EIG + Ecommerce Inc / IX Web Hosting = match made in hell.  I'll eat my popcorn and watch both of these clown shops implode.


----------



## DomainBop (Feb 19, 2016)

drmike said:


> Ecommerce Inc / IX Web Hosting is one of the entirely worst shops out there.  Support seems moderately ESL (English as Second Language).  Stuff goes right over their heads and lousy resolution.



They have an office in Ukraine that handles a lot of the non-telephone support.   



> EIG + Ecommerce Inc / IX Web Hosting = match made in hell.



Match made in hell but EIG did acquire some valuable assets in this deal. Ecommerce Inc has a stockpile of 770,048 IPs (all IX Web Hosting and HostExcellence shared hosting plans include a dedicated IP address).   The ecommerce.com domain name is also worth $1 mill plus.


----------



## drmike (Feb 19, 2016)

@DomainBop were details of the detail made public yet?


----------



## DomainBop (Feb 19, 2016)

drmike said:


> @DomainBop were details of the detail made public yet?



The only info given was the 2 short mentions in their earnings release that I quoted in the first post.  Footnotes in the quarterly releases seem to be their preferred way of disclosing acquisitions recently.


----------



## drmike (Feb 19, 2016)

I noticed @DomainBop the disclosures in the earnings reports....  This will be interesting dollar amount for sure.


Ecommerce claimed to have their own datacenter build out too.  They had some on location staff and office workers, allegedly.  

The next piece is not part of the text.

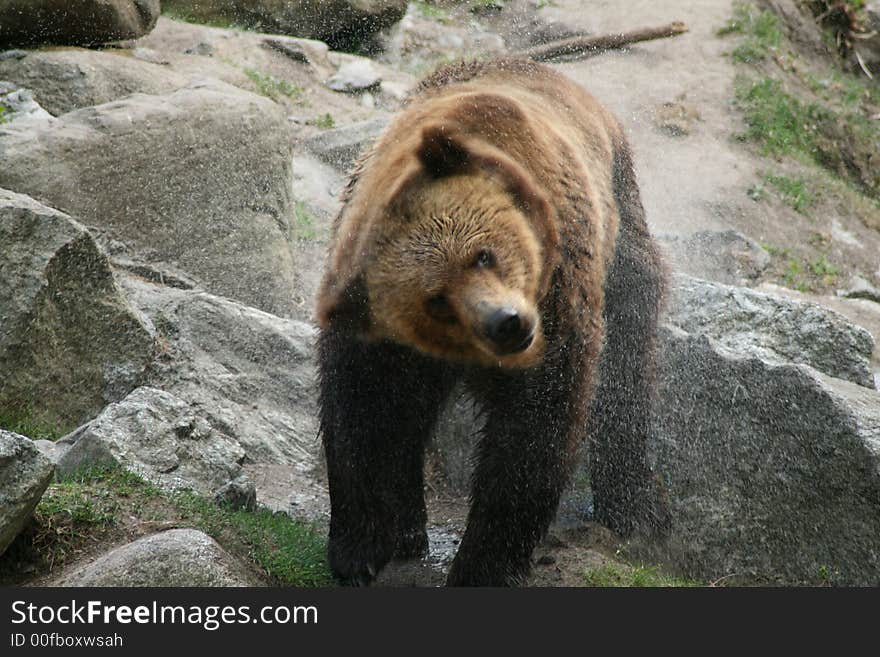 Brown bear shaking off water after bath. Brown bear shaking off water after bath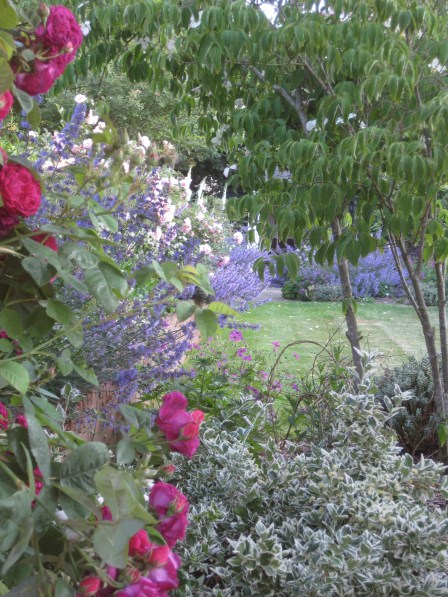 It even works in my own garden!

Bunch of hiring ads here: https://www.linkedin.com/company/ecommerce-llc-


----------



## AuroraZero (Feb 19, 2016)

The fact of the matter is EIG probably bought them for the IPS they alone. They know that eventually if those IPS are dirty now they can clean up because they are new owners of them. I have done this many times even with spamhaus and spamcop. If they keep them clean they know they will be able to turn them around for a profit. In the end that profit will likely negate the price they paid for the entire operation. 


They can bring in their own staff and move everyone to their own networks. No sense in keep the build out if there is one as it is a liability at this point. Consolidate it all under their umbrella and be done with it until it comes time to make your money off of it. This is how I would do it, but what do I know I am just some guy on some forum some place.


----------



## DomainBop (Feb 20, 2016)

drmike said:


> Ecommerce claimed to have their own datacenter build out too.

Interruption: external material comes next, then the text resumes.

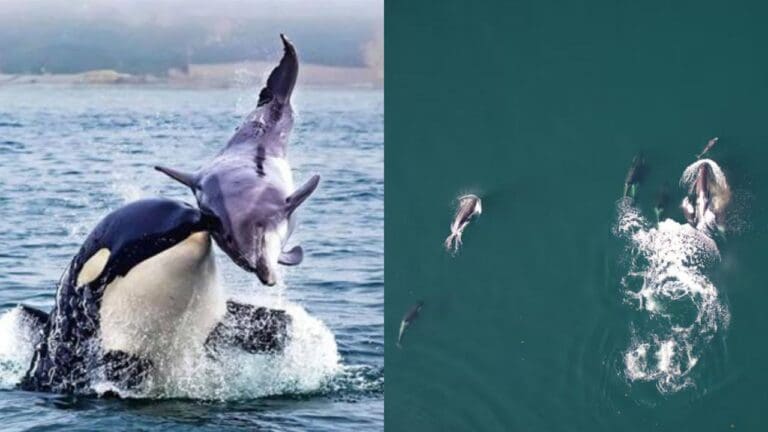 Captan por primera vez a orcas y delfines formando equipo para cazar en Vancouver, Canadá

11,000 square feet in Columbus









Their Yelp ratings have been amazingly consistent over the past 5 years: 23 ratings, all of them 1 star http://www.yelp.com/biz/ix-web-hosting-columbus


----------



## drmike (Feb 23, 2016)

Ecommerce / IX Web Hosting currently are at the top of Spamhaus SBL list:


https://www.spamhaus.org/sbl/listings/ecommerce.com


Found 62 SBL listings for IPs under the responsibility of ecommerce.com


----------